I never saw that particular sergeant major again, thankfully. I supposed he moved on to harass other troops about their shoulder patches until the regulation was changed a month later. I would have loved to see his face the morning after the paper came down, applying the patch he’d fought so hard against with resignation, then instructing the soldiers he’d yelled at the day before to get within regs… admitting his own impotence one betrayal at a time. Since then, there have been other FSMs who have thrown their “stripes” around in the various settings in which I have worked. Though, now that I think about it, when has it ever really mattered to anyone but them? We the people remain unimpressed.
In the Vietnam War film Hamburger Hill, a couple of troops try and buck up their platoon “Doc” after a casualty chanting, “It don’t mean nothing, man, not a thing.” And the medic, thus consoled and encouraged, goes on to fight another day. We all have bad days like Doc in the film. That sergeant major I met long ago now might have been having a bad day too. Doc doesn’t survive the battle. He succumbs to his wounds after imploring his fellow soldiers to finish taking the hill, so they can have something to be proud of.
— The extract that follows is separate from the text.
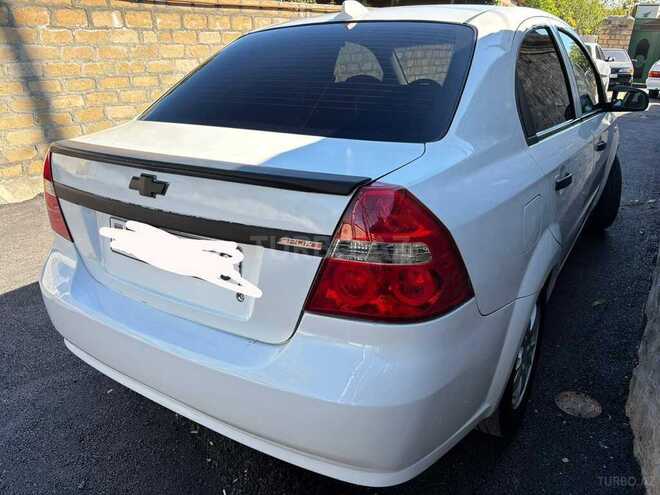 Chevrolet Aveo-2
And they do. They do it for Doc and for each other. Those are the things that matter.
We can choose to fall prey to the insanity of Himmelstoss and the FSM and others like them, or we can take their fear and insecurity in stride, their insistence that only by obeying the rules can one hope to elude destiny. In All Quiet on the Western Front, Bäumer and his mates lay a good old-fashioned beat-down on old Himmelstoss, and it’s hard to feel sympathy for him. Like the bloviating sergeant major I encountered, Himmelstoss is a nonfactor. His existence to Bäumer and the men is of no great importance, like whether they live or die. It should be noted that Himmelstoss, when he’s himself sent to the front, does eventually perform bravely following a motivational beating by Bäumer in a trench. Yet it remains to be decided whether Himmelstoss was merely a desperate ass-kisser seeking the favor of his lieutenant or acting out of a moral obligation to his fellow soldiers. The men aren’t in it for Himmelstoss and the FSM though. They’re in it for each other as were the men in Hamburger Hill. The regulations may not get changed every time so you can smile at the thought of the senior enlisted man or supervisor or other inflated authority wiping egg off their face. Nor will every Himmelstoss you come across fetch the beating of a lifetime every time they push the wrong troop too far. But don’t you sweat it. In the end, they don’t mean nothing, man, not a thing. Finish taking the hill, and be proud of it.